RECORDS FOR PROCESSING:
####################

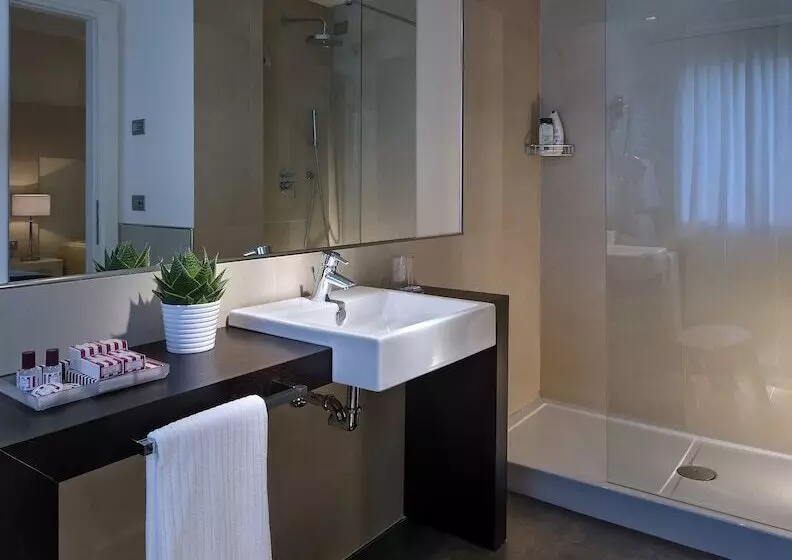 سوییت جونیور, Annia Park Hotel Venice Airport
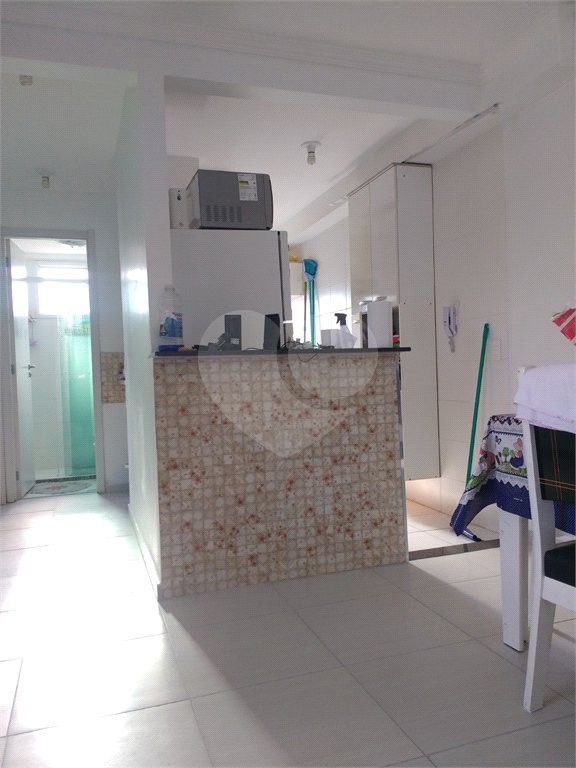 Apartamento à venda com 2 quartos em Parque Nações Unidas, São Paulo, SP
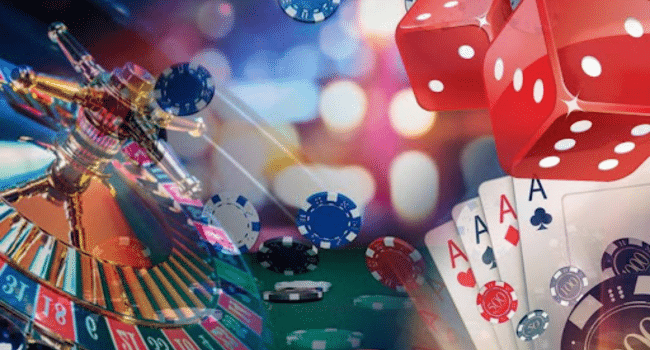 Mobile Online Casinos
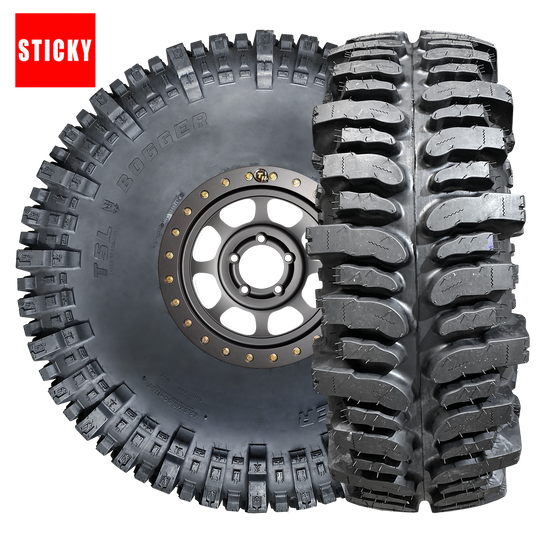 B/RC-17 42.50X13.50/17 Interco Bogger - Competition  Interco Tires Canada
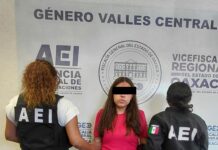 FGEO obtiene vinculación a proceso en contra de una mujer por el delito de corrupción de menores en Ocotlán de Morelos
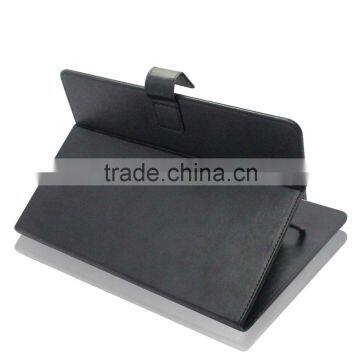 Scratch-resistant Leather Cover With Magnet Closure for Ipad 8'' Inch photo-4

####################

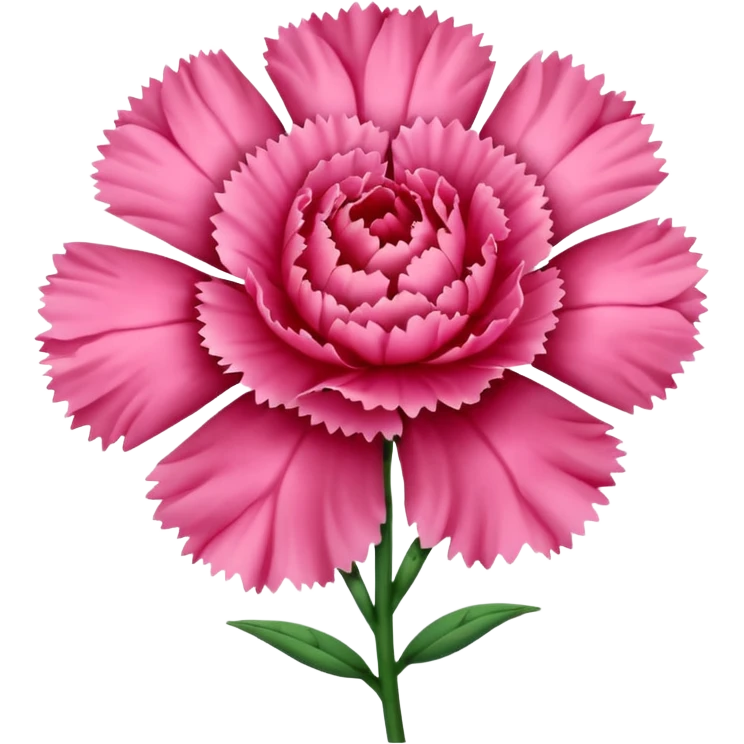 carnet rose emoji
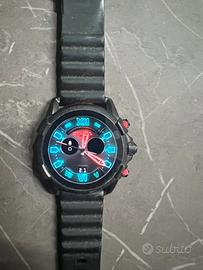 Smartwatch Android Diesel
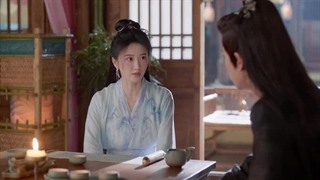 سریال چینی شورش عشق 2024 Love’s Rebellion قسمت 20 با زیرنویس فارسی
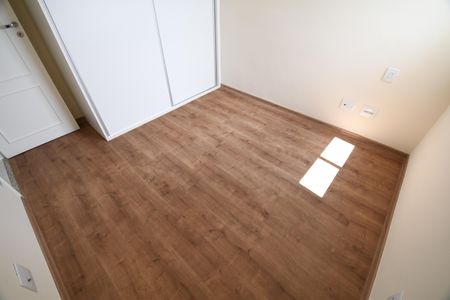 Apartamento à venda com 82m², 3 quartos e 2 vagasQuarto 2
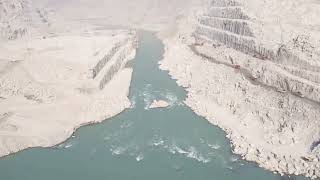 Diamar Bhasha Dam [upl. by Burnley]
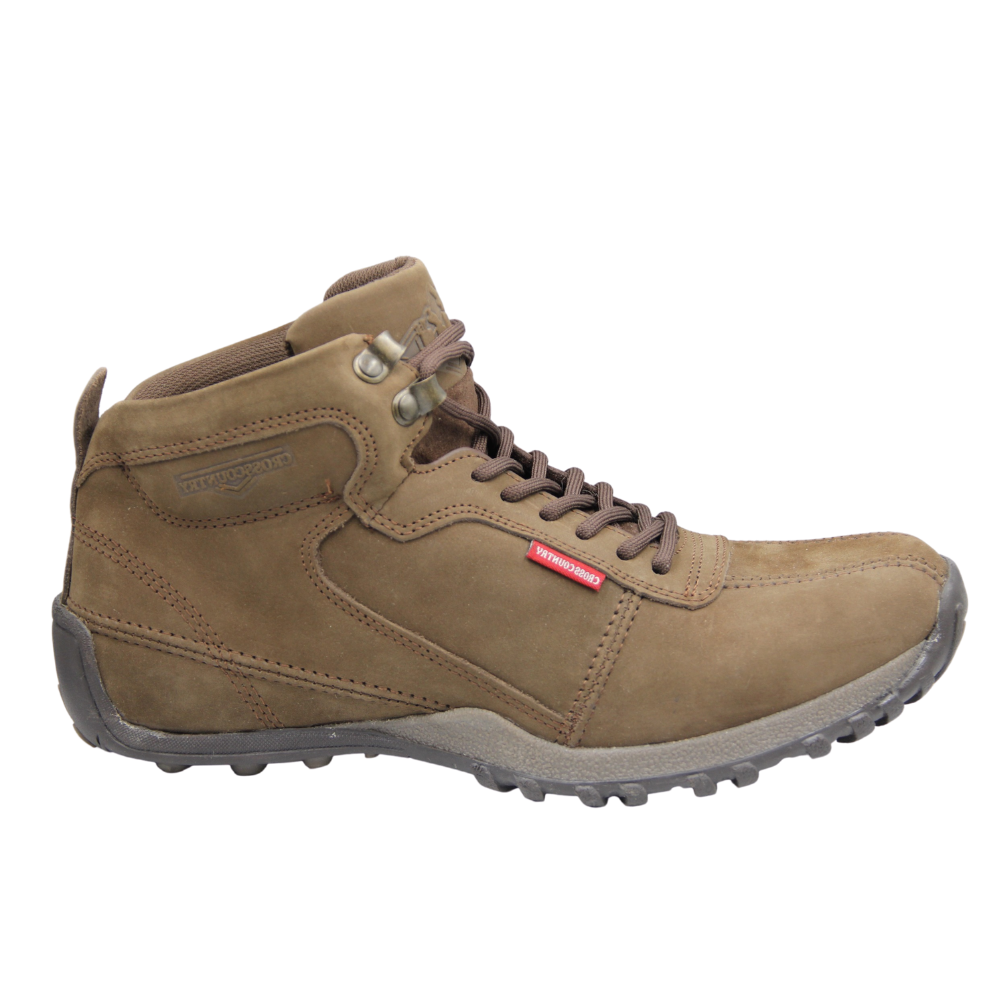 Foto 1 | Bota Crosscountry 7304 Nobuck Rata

####################

ABOUT THIS TASK: Output should consist of the lines above from the one with "Smartwatch Android Diesel" down to the one with "Foto 1 | Bota Crosscountry 7304 Nobuck Rata", exact and without pictures.

RESPONSE BOX:
 Smartwatch Android Diesel
 سریال چینی شورش عشق 2024 Love’s Rebellion قسمت 20 با زیرنویس فارسی
 Apartamento à venda com 82m², 3 quartos e 2 vagasQuarto 2
 Diamar Bhasha Dam [upl. by Burnley]
 Foto 1 | Bota Crosscountry 7304 Nobuck Rata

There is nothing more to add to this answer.